§ **Aim of the task**
Without the pictures, give the entries below again exactly as written.

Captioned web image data
+++++

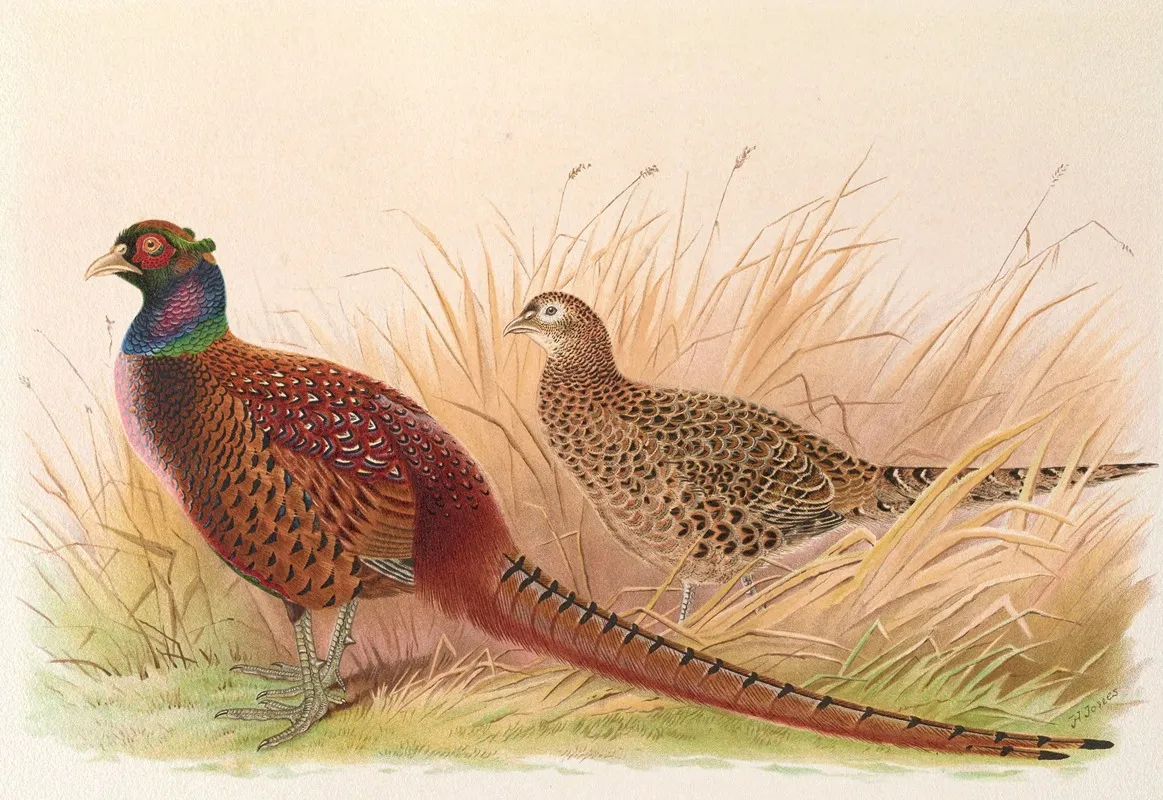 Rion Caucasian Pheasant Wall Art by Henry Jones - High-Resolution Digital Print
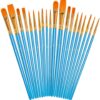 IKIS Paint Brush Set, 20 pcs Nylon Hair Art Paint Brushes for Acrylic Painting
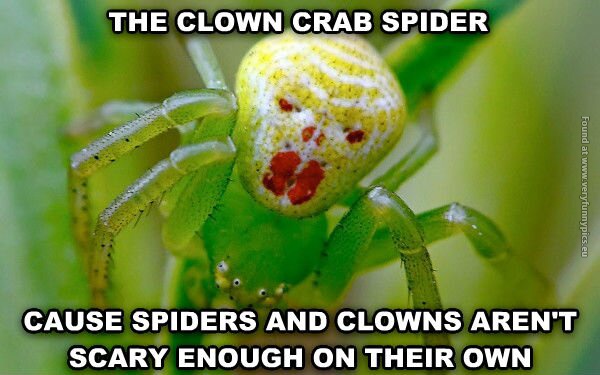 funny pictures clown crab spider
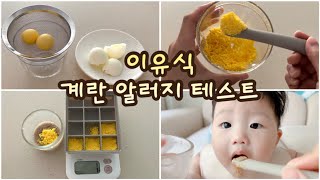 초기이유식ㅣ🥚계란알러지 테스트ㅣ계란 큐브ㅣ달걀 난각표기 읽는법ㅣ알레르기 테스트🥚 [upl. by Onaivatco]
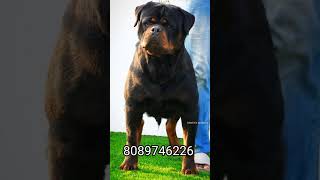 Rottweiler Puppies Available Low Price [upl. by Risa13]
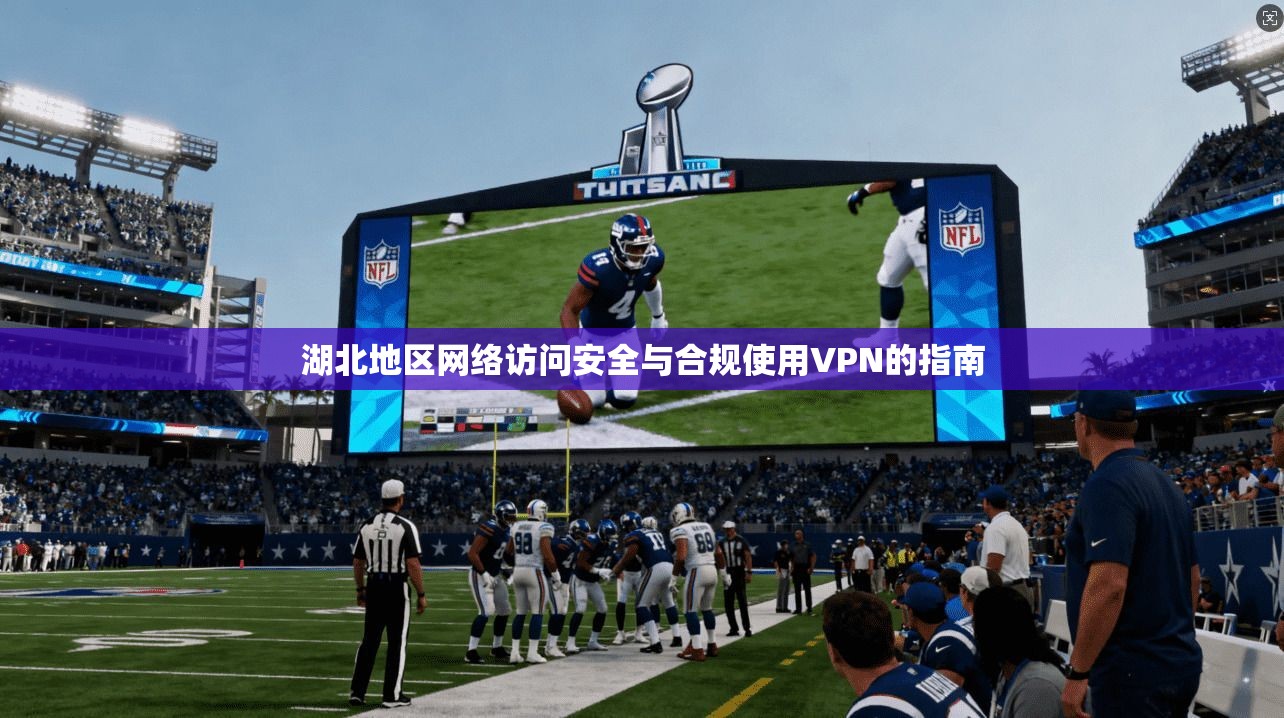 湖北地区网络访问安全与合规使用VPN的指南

+++++

§ **The answer**
 Rion Caucasian Pheasant Wall Art by Henry Jones - High-Resolution Digital Print
 IKIS Paint Brush Set, 20 pcs Nylon Hair Art Paint Brushes for Acrylic Painting
 funny pictures clown crab spider
 초기이유식ㅣ🥚계란알러지 테스트ㅣ계란 큐브ㅣ달걀 난각표기 읽는법ㅣ알레르기 테스트🥚 [upl. by Onaivatco]
 Rottweiler Puppies Available Low Price [upl. by Risa13]
 湖北地区网络访问安全与合规使用VPN的指南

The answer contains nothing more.